YOUR INSTRUCTIONS — Only one stretch of the records below is wanted: the lines from the one holding "Tesla Model X vaihtoauto" through the one holding "Ashcoat of the Shadow Swarm". Return it exactly, both ends included.

Crawled caption data:
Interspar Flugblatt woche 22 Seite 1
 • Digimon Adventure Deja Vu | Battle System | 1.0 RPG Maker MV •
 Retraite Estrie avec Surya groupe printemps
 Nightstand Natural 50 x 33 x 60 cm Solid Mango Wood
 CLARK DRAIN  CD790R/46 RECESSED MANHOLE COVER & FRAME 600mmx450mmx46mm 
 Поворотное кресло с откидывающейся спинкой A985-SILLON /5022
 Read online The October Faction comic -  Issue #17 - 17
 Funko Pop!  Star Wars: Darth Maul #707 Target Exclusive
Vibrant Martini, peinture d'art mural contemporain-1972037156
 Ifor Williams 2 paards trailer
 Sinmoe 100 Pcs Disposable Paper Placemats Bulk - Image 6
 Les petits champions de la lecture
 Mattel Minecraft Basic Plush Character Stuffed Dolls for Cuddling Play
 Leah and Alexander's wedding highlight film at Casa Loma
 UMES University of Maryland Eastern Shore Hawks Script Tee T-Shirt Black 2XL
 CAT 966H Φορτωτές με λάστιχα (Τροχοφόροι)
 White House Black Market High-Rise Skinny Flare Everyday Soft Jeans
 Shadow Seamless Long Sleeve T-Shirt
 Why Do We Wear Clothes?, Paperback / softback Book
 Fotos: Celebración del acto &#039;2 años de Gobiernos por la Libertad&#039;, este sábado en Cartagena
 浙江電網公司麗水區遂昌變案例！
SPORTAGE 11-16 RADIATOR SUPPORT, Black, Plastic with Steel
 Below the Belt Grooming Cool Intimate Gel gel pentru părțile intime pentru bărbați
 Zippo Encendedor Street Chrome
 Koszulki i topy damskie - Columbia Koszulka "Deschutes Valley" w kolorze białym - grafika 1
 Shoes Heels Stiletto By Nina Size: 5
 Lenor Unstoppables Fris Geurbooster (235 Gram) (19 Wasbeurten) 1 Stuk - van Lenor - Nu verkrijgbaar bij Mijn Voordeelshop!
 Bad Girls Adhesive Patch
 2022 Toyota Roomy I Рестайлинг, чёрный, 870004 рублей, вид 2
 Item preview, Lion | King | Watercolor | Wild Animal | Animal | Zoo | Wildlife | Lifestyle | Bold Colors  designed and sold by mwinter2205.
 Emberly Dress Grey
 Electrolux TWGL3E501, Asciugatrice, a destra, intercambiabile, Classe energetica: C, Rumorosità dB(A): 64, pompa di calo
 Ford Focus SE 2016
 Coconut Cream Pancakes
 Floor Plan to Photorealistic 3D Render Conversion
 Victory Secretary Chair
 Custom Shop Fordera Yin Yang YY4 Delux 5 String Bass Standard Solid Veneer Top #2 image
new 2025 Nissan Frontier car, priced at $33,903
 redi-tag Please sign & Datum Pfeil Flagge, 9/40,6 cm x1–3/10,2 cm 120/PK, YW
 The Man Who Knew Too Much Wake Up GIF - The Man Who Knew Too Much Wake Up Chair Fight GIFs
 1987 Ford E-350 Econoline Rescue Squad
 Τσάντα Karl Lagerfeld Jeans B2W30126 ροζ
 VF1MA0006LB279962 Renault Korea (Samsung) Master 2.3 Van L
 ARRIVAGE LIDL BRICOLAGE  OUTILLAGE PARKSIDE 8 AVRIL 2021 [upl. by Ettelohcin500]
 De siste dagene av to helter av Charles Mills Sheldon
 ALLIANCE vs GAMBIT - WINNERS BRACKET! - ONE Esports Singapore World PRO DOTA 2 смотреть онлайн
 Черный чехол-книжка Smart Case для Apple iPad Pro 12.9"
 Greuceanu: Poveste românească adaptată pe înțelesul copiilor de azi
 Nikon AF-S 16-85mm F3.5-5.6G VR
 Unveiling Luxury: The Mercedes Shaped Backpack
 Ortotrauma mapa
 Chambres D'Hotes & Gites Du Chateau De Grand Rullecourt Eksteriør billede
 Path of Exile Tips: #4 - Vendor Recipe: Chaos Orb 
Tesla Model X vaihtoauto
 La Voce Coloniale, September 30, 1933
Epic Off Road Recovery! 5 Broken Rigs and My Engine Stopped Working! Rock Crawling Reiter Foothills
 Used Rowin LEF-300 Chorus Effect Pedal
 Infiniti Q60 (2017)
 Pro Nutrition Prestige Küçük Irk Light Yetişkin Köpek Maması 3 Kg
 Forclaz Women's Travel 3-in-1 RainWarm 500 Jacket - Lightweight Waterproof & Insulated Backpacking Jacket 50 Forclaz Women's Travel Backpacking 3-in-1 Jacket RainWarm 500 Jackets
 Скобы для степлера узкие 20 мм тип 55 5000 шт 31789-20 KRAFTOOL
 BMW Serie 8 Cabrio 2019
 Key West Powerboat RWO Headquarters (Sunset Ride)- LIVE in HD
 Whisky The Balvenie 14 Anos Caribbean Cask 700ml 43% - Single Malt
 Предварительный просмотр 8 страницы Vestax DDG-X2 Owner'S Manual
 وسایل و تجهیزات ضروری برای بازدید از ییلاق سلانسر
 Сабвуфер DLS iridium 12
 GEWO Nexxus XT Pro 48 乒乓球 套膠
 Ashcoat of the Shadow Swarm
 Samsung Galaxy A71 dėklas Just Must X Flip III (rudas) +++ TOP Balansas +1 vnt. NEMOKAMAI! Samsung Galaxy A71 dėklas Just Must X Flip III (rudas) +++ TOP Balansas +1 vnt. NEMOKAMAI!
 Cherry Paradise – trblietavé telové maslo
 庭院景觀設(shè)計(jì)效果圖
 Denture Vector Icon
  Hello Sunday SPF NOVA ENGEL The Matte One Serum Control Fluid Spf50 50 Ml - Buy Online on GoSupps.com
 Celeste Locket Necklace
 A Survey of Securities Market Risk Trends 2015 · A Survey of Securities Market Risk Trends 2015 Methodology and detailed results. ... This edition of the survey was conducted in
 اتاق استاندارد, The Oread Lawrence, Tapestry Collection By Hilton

SOLUTION TO THE EXERCISE —
Tesla Model X vaihtoauto
 La Voce Coloniale, September 30, 1933
Epic Off Road Recovery! 5 Broken Rigs and My Engine Stopped Working! Rock Crawling Reiter Foothills
 Used Rowin LEF-300 Chorus Effect Pedal
 Infiniti Q60 (2017)
 Pro Nutrition Prestige Küçük Irk Light Yetişkin Köpek Maması 3 Kg
 Forclaz Women's Travel 3-in-1 RainWarm 500 Jacket - Lightweight Waterproof & Insulated Backpacking Jacket 50 Forclaz Women's Travel Backpacking 3-in-1 Jacket RainWarm 500 Jackets
 Скобы для степлера узкие 20 мм тип 55 5000 шт 31789-20 KRAFTOOL
 BMW Serie 8 Cabrio 2019
 Key West Powerboat RWO Headquarters (Sunset Ride)- LIVE in HD
 Whisky The Balvenie 14 Anos Caribbean Cask 700ml 43% - Single Malt
 Предварительный просмотр 8 страницы Vestax DDG-X2 Owner'S Manual
 وسایل و تجهیزات ضروری برای بازدید از ییلاق سلانسر
 Сабвуфер DLS iridium 12
 GEWO Nexxus XT Pro 48 乒乓球 套膠
 Ashcoat of the Shadow Swarm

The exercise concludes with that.